According to Forrester, the burning question is which criteria should a company employ for a given use case.

AI needs to be trained if it is to produce a model that inherently has good habits and processes, and that will deliver the desired outcome − in an ethical manner. Training AI involves inculcating the right habits to achieve the desired outcomes.

The following are recommendations that aim to avoid bad habits in AI models:

Training AI models relies on data sets, models and algorithms, so the first thing to examine is data bias and how to avoid it.

Eliminating data bias or removing as much of it as possible is crucial when building and incorporating AI methodologies. Humans play a critical role in training AI through setting data parameters and filtering them.

It is important to assess AI parameters to ensure technologists building the AI algorithm are not potentially introducing unconscious bias into the data process.

People create AI models, feed them, train them and ultimately interpret the data − all these actions may be influenced by personal beliefs, familial upbringing, demographics or environmental factors.

To avoid this bad habit, involve other subject matter experts and those ingrained in the processes from the beginning, who can provide feedback and alternate ways of thinking that can eliminate unconscious bias.

Models are becoming increasingly complex with thousands, if not hundreds of thousands, of variables, many of which may introduce bias in non-obvious ways. This is why the practice of ethical AI is so important in implementing organisational data models.

The next important thing to do is to avoid using stale data. As I noted earlier, it is critical to use relevant data to create and train technology, so the interpretation of that data can generate the best possible outcome.

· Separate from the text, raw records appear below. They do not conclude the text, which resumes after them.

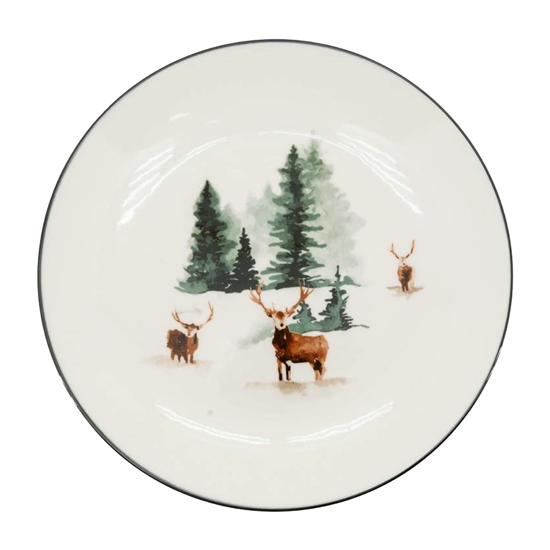 6 assiettes plates Cerf et Sapins Ø27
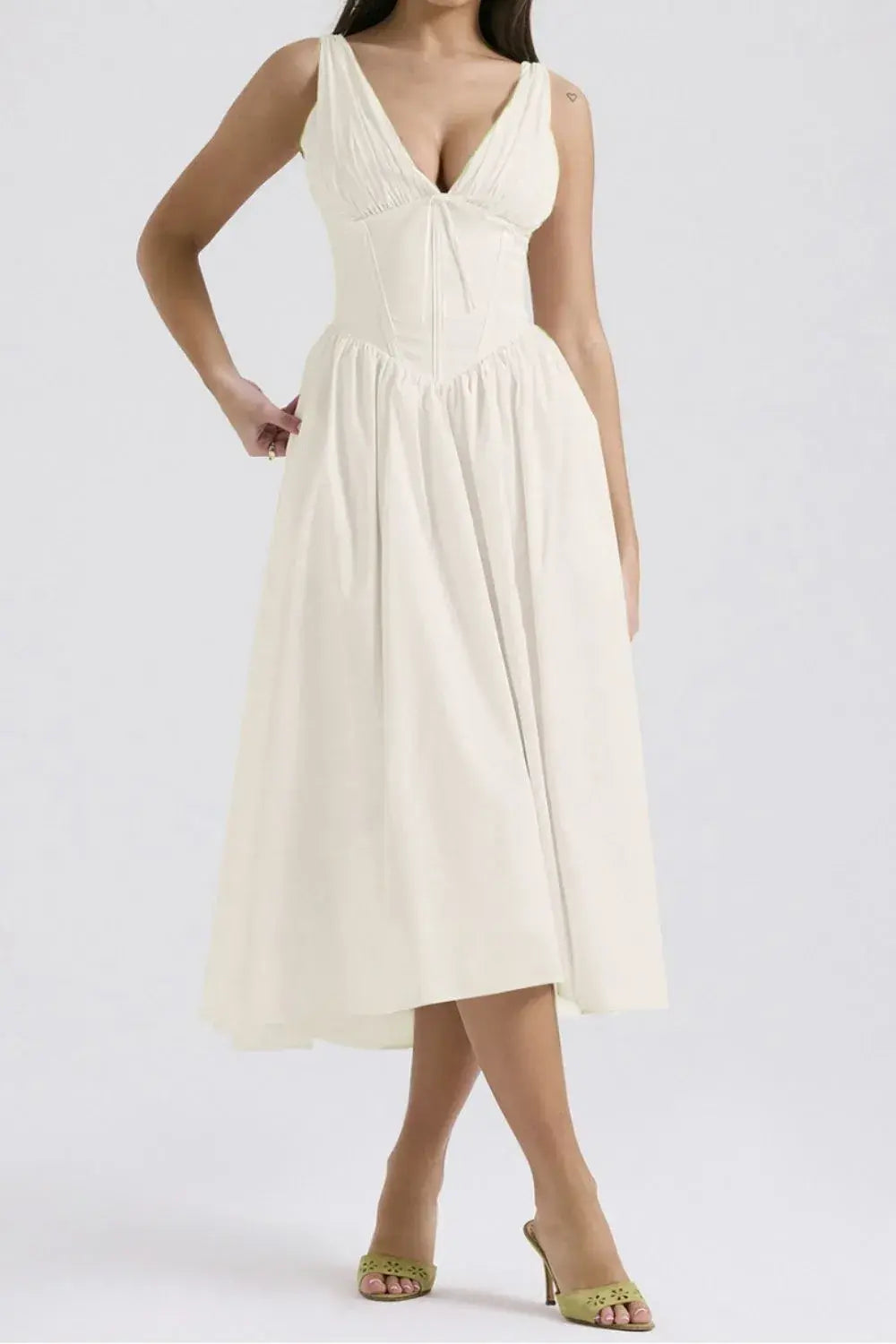 Ruched V-Neck Sleeveless Dress with Pockets - Trendsi - Flyclothing LLC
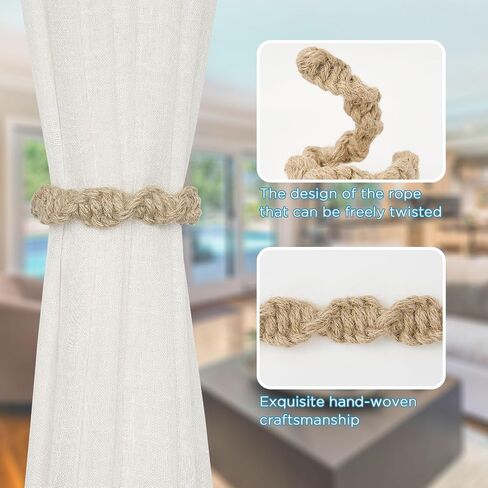 NICEEC 2 Pack Natural Jute Rope Curtain Tiebacks Farmhouse Rustic Style Decorative Drape Tie Backs Spiral Braided Curtain Holdbacks for Home & Office Sheer/Light Weight Drapery (Jute-Natural) in Saudi Arabia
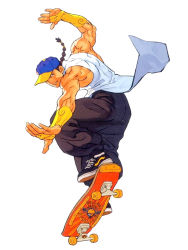 Rule 34 | 1boy, baggy pants, baseball cap, braid, bridal gauntlets, capcom, chinese clothes, hat, male focus, muscular, official art, pants, shoes, single braid, skateboard, sneakers, solo, street fighter, street fighter iii (series), vans, yun lee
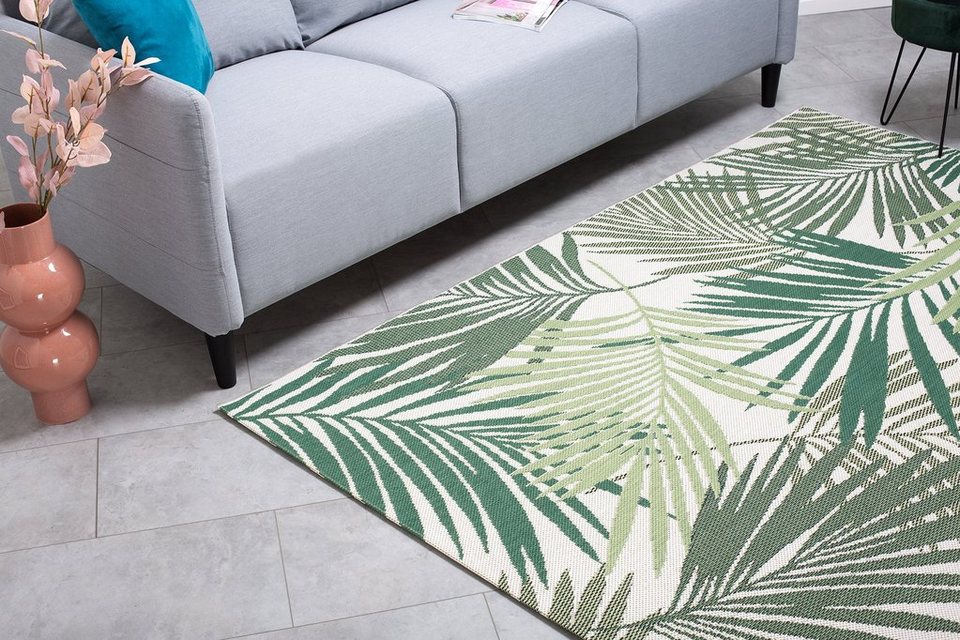 Teppich Paco Home Indoor & Outdoor Rug Flat Weave Jungel Carved Floral Palm  Tree Design Green, DomDeco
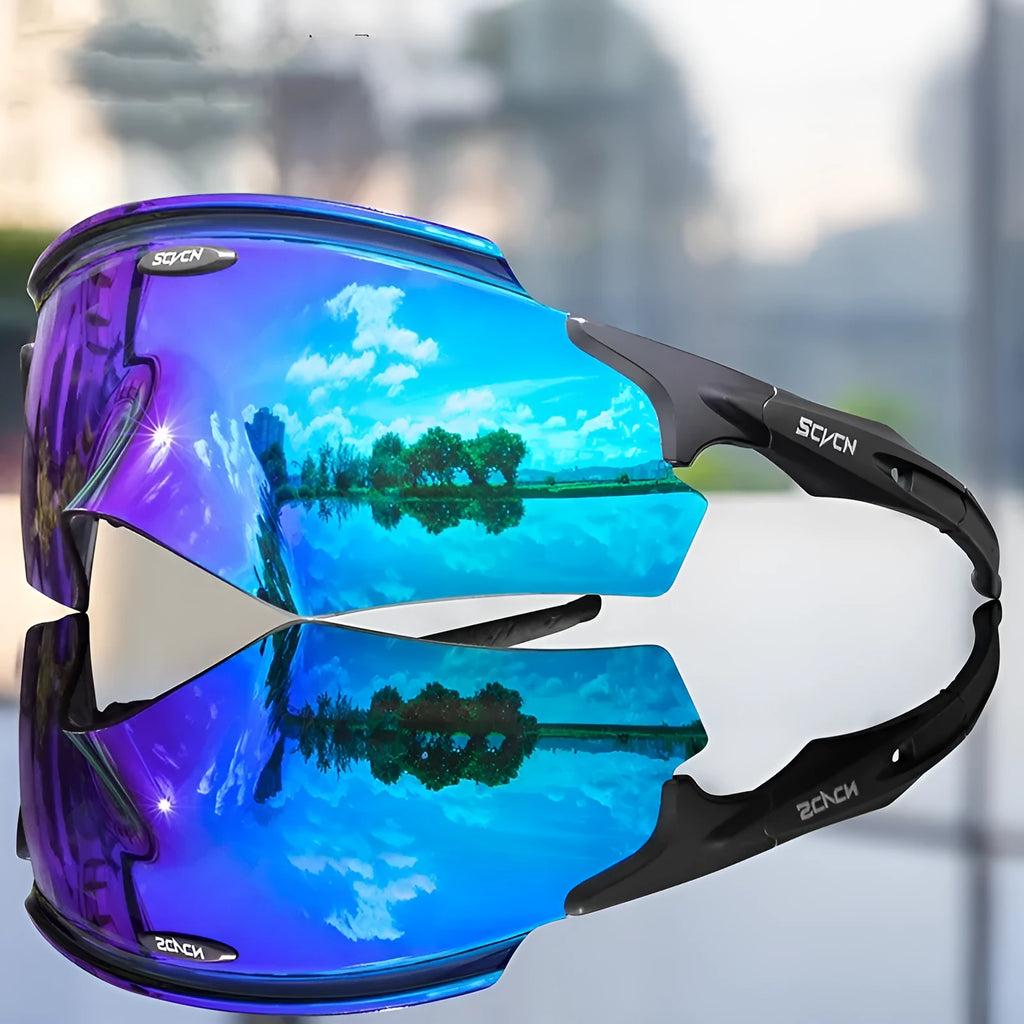 Frameless athletic glasses with colourful integrated lens and windproof design for sports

The data used must be timely to be relevant and useful. If data is old or irrelevant, the desired outcome will not be achieved and may reflect ineffective or useless results.

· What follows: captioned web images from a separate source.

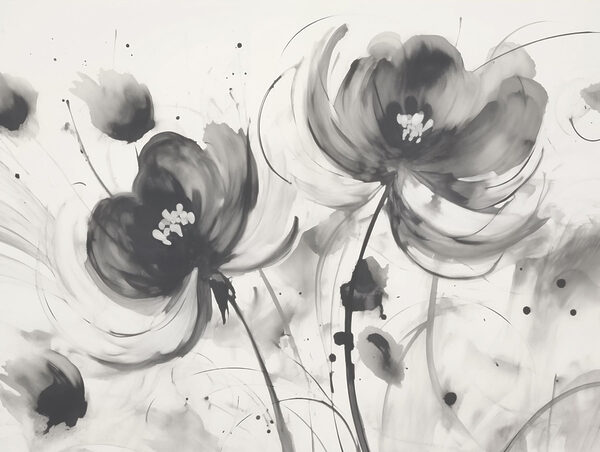 Pittura di fiori su una superficie bianca Pittura di fiori su una superficie bianca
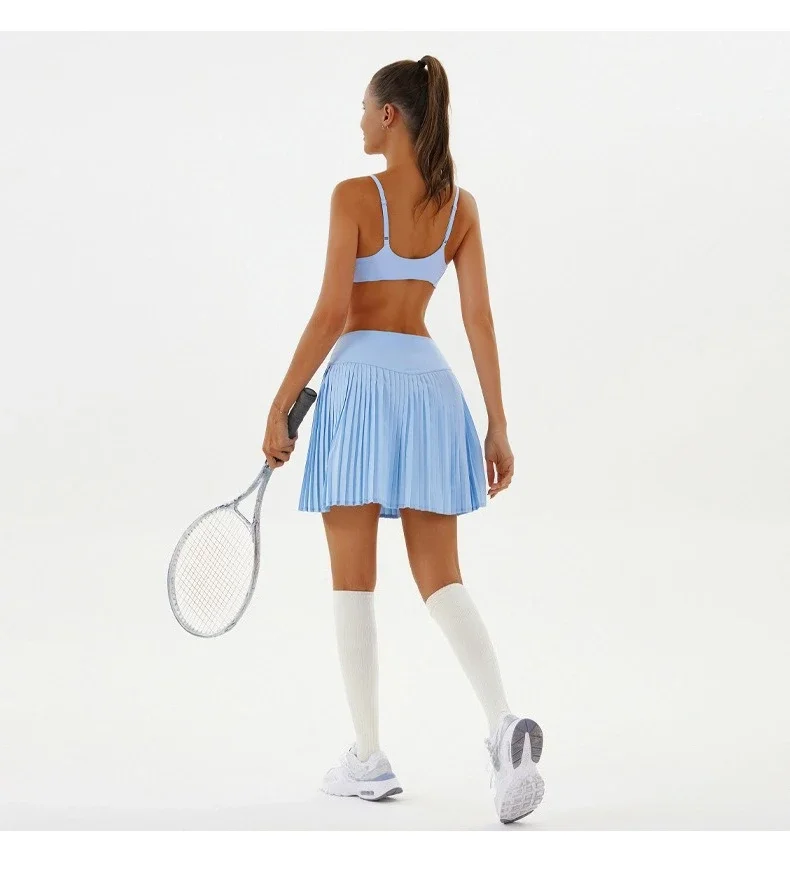 Sexy Fitness Yoga Shorts Dancing High Waist Women Tennis Pleated Skirt with Inner Lining High Waist Double Layer Design Sport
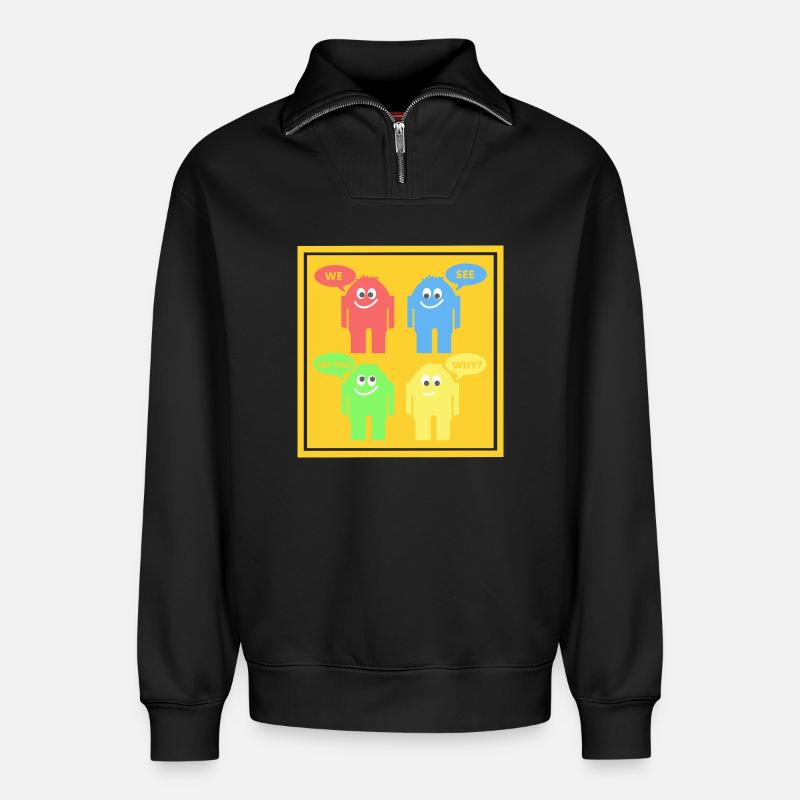 Lustige Männchen - Relaxed Unisex Organic Half Zip Sweatshirt – von SPREAD - Schwarz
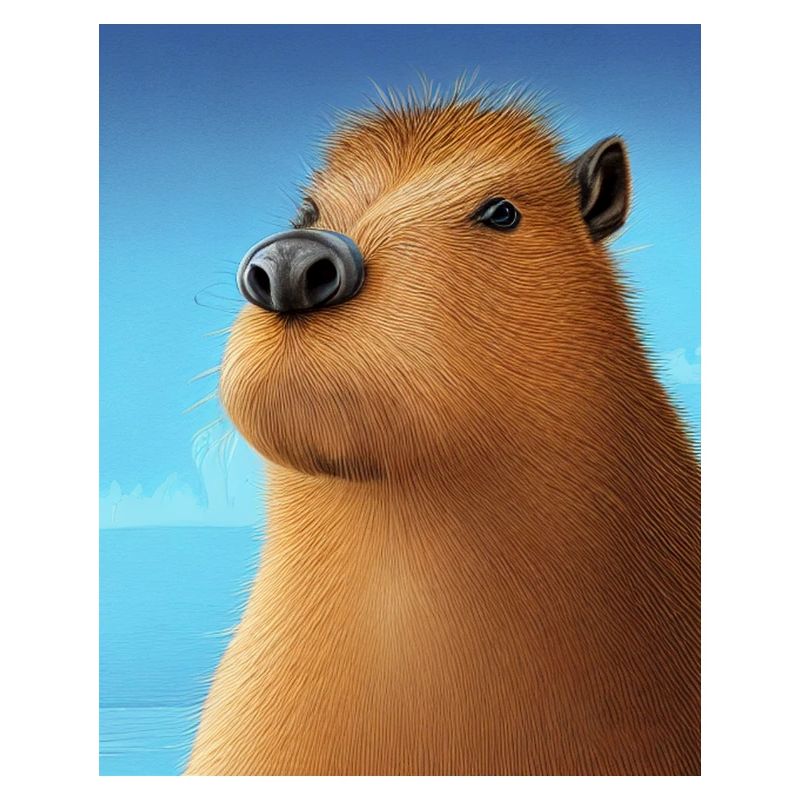 Cooles Comic-Porträt von Capybara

Finally, reinforce using an adequate sample size − repetition is key. In other words, a large sample size of data and results is needed. One key difference where humans excel is that they can recognise the context of a decision and apply that context in new scenarios much more easily (or at least faster) than current algorithms.

When AI is trained adequately, and sufficient data is used in the exercise, the resultant models will yield the best results.

At the risk of repetition, I cannot emphasise enough that what is needed is to strive to build a model that incorporates the latest, most relevant data, which has been stripped of as much bias as possible. Only in this way will a company achieve outcomes that best suit and support its business needs.